I was reminiscing with Linn recently about watching old black and white movies on the TV on Saturday afternoons whilst everyone else was watching sports. There was always something so romantic and special about that. It made me feel like I had some wonderful secret that none of my peers knew about. When they would meet on Monday mornings and talk about the football results I would be replaying scenes from the movies in my head and walking the school corridors, collar turned up and pretending I was Bogart or Cagney. Jimmy Stewart maybe because he was kind of tall and gangly like me. I’d have loved to have been a Cary Grant or a Gregory Peck in Roman Holiday of course, but there was no point in taking the fantasy to ridiculously impossible extremes.

Then there were the late night French new wave films that BBC 2 would show.
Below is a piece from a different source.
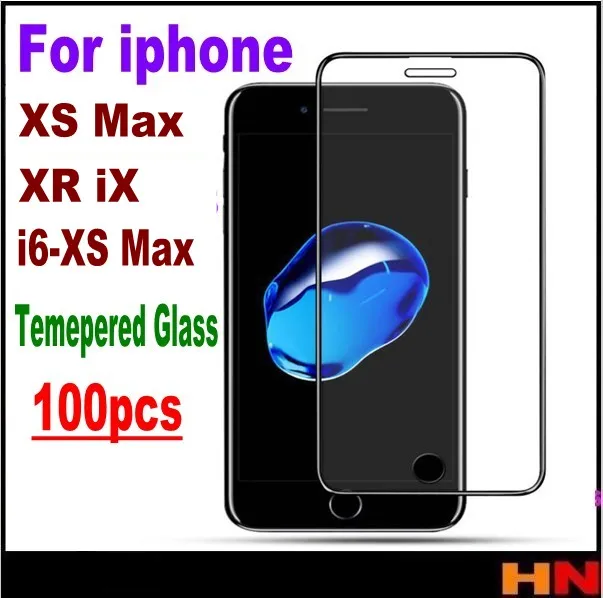 100gab iPhone XS Max XR 5 5s SE 6s 6 7 8 Plus Rūdīta Stikla Ekrāna Aizsargs Aizsardzības Stiklu plēves, neizmantojot mazumtirdzniecības iepakojumā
I remember coming in from a night of being bored in town and being utterly seduced by the likes of The Band of Outsiders and The 400 Blows. Those celluloid worlds seemed so much more appealing than the realities of the crass Technicolor I had to live through day to day. Later of course I discovered that those films were closely connected to a lot of the music that I was discovering and becoming obsessed by, and as the poet said, it all fitted.

There is something so special about those fledgling experiences that mould your personality; something so magical about the formation of memories and emotions that go burrowing into your heart. And whilst we continue to build on those layers of feeling as we grow older, there remains something so deliciously painful about those first foundations. They are simultaneously as solid as granite and as fragile as gossamer wings.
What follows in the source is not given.